SECTION 22. General Interpretive Principles.
For purposes of this Agreement, except as otherwise expressly provided
or unless the context otherwise requires:
(a) the terms defined in this Agreement have the meanings assigned to
them in this Agreement and include the plural as well as the singular, and the
use of any gender herein shall be deemed to include the other gender;
(b) accounting terms not otherwise defined herein have the meanings
assigned to them in accordance with generally accepted accounting principles;
(c) references herein to "Articles," "Sections," "Subsections,"
"Paragraphs," and other subdivisions without reference to a document are to
designated Articles, Sections, Subsections, Paragraphs and other subdivisions
of this Agreement;
(d) reference to a Subsection without further reference to a Section
is a reference to such Subsection as contained in the same Section in which the
reference appears, and this rule shall also apply to Paragraphs and other
subdivisions;
(e) the words "herein," "hereof," "hereunder" and other words of
similar import refer to this Agreement as a whole and not to any particular
provision; and
(f) the term "include" or "including" shall mean without limitation by
reason of enumeration.
SECTION 23. Reproduction of Documents.
This Agreement and all documents relating thereto, including, without
limitation, (a) consents, waivers and modifications which may hereafter be
executed, (b) documents received by any party at any closing, and (c) financial
statements, certificates and other information previously or hereafter
furnished, may be reproduced by any photographic, photostatic, microfilm,
micro-card, miniature photographic or other similar process. The parties agree
that any such reproduction shall be admissible in evidence as the original
itself in any judicial or administrative proceeding, whether or not the
original is in existence and whether or not such reproduction was made by a
party in the regular course of
39
business, and that any enlargement, facsimile or further reproduction of such
reproduction shall likewise be admissible in evidence.

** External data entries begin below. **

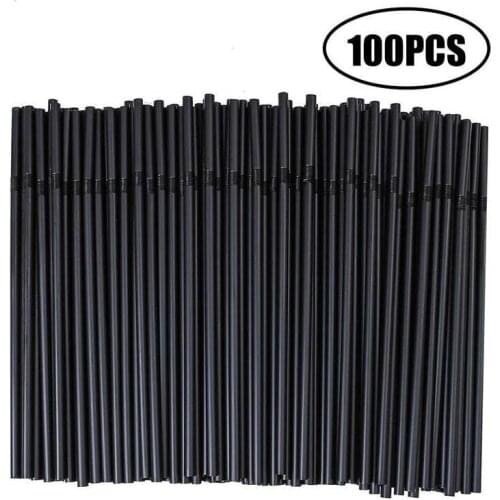 100pcs 210mm Black White Plastic Disposable Curved Drinking Straws Wedding Party Bar Beverage Shops Home Drink Accessories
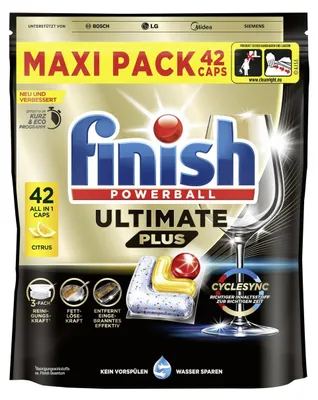 Produktbild von Finish Powerball Ultimate Plus Citrus All in 1 Caps Spülmaschinen Tabs 42 Caps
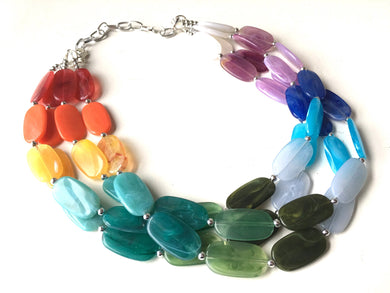Rainbow Beaded Necklace, Colorful Jewelry, Chunky statement necklace, big beaded necklace, rainbow jewelry baby, color block necklace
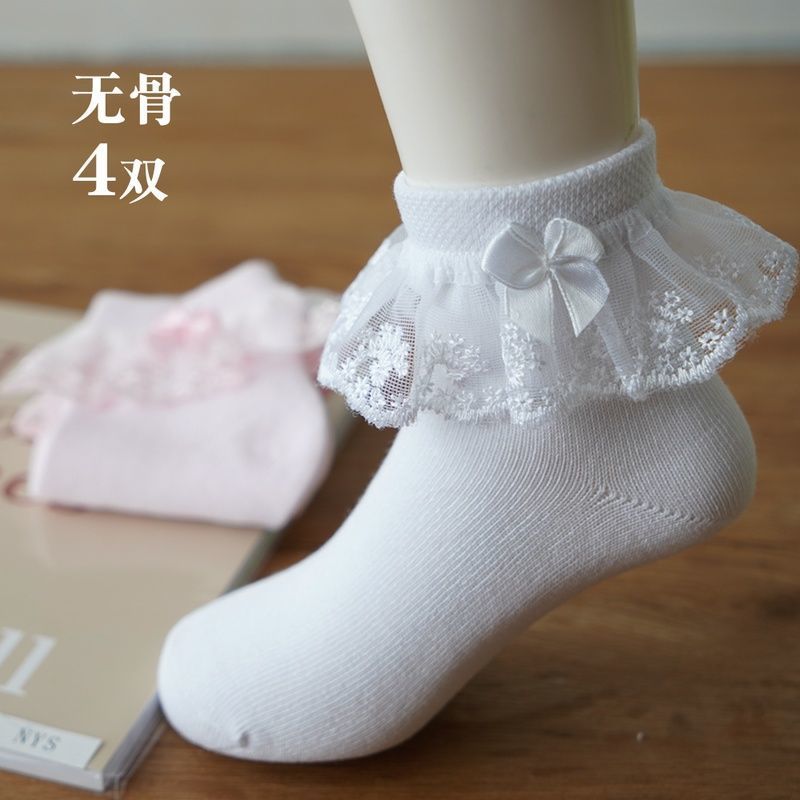 Girls' Lace Socks White Combed Cotton Kidsren's Lace Princess Socks Student White Socks Latin Dance Socks Summer Thin Style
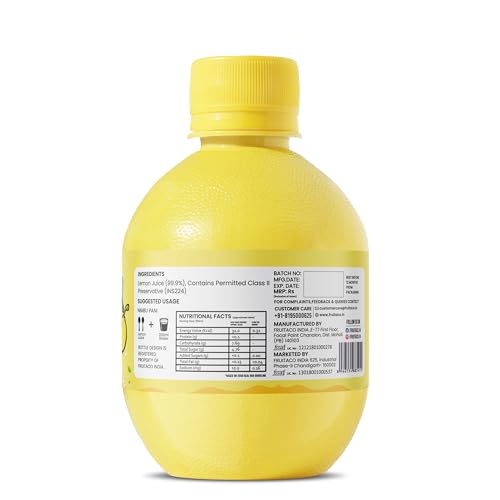 Image of Fruitaco Yellow Lemon Juice Concentrate - Pack of 5 (1250ml) | Equivalent to 125 Lemons | Pocket Bottle | Easy to Use in Cooking, Beverages, Shikanji, Lemonade & More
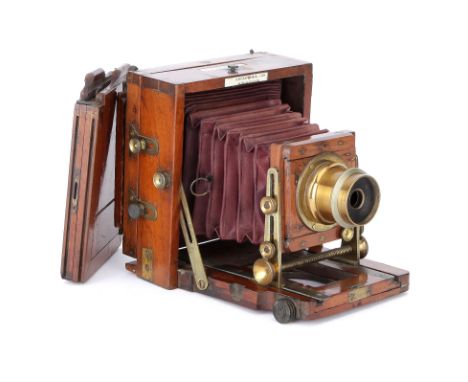 A J. Lancaster & Son Instantograph Quarter Plate Mahogany Field Camera, 1897, with a J. Lancaster & Son f/10 brass lens, body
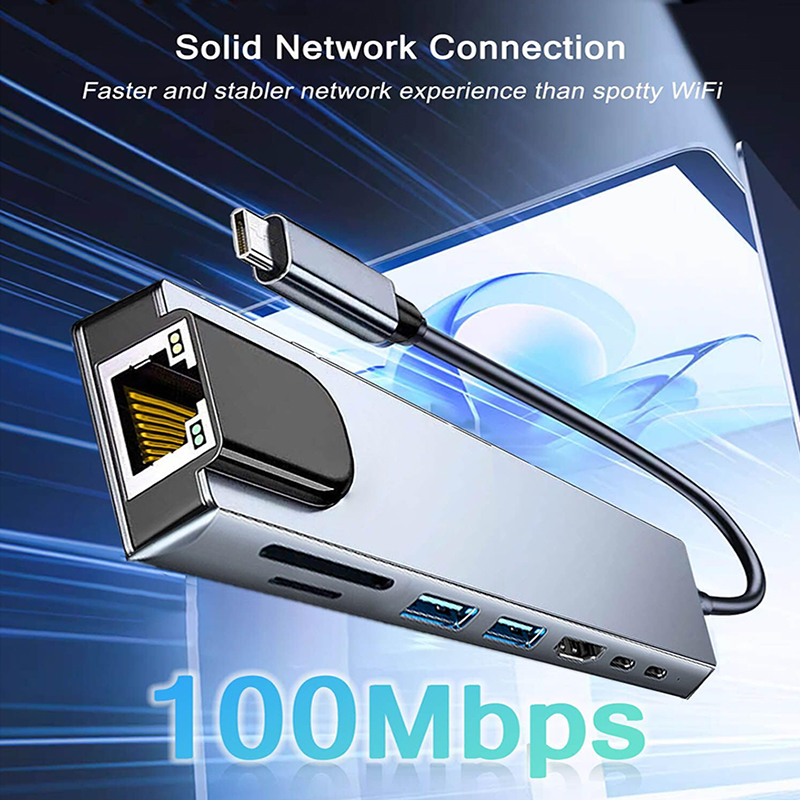 8 In 1 USB Type C Hub for MacB - đánh giá và giá Desk Setup Usb Hub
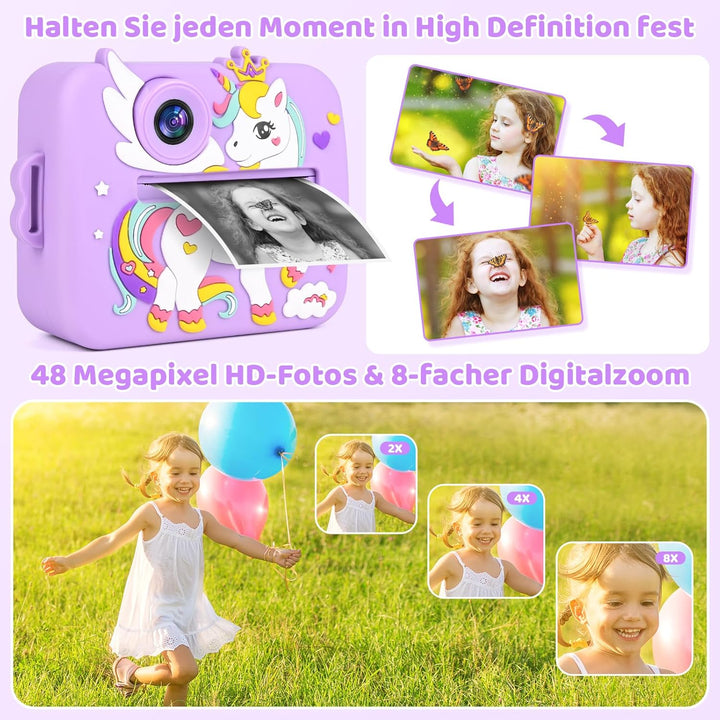 GuKKK Kinderkamera Sofortbildkamera, 2,4 Zoll Sofortbildkamera Kinder mit 32G TF Karte und Fotopapie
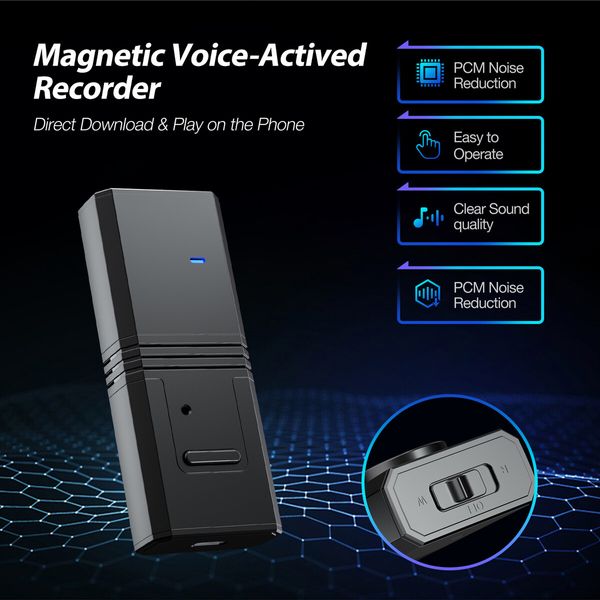 Magnetic Voice Activated Recorder,No Need Connect with PC,Download & Play on The Mobile Phone,APP for Andriod iOS,Audio Recorder for Meeting Interview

SECTION 24. Further Agreements.
The Seller and the Purchaser each agree to execute and deliver to the
other such reasonable and appropriate additional documents, instruments or
agreements as may be necessary or appropriate to effectuate the purposes of
this Agreement.
SECTION 25. Recordation of Assignments of Mortgage.
The Seller and the Purchaser shall execute a blanket assignment of the
Mortgages underlying each Mortgage Loan (other than Co-op Loans) sold to the
Purchaser, whether pursuant to this Agreement or pursuant to a duly executed
Commitment Letter. Upon the written request of Purchaser (whether due to the
proposed sale of any Mortgage Loan by Purchaser or otherwise), or to the extent
deemed necessary by FNMC in connection with servicing a Mortgage Loan pursuant
to the terms of the Servicing Agreement, the Seller shall promptly prepare and
execute such individual Assignments of Mortgage (except those for Co-op Loans)
as Purchaser shall request, to be recorded in all appropriate public offices
for real property records in all the counties or other comparable jurisdictions
in which any or all of the related Mortgaged Properties are situated, and in
any other appropriate public recording office or elsewhere, such recordation to
be effected by the Purchaser or Purchaser's designee, but in any event, at the
Seller's expense for a single recordation with respect to each such Assignment
of Mortgage. Seller shall execute a limited power of attorney for the purpose
of enabling FNMC to execute Assignments of Mortgages on behalf of Seller in
accordance with this Section 25.
[Signatures Commence on Following Page]
40
IN WITNESS WHEREOF, the parties have executed this Agreement under
seal as of the date and year first above written.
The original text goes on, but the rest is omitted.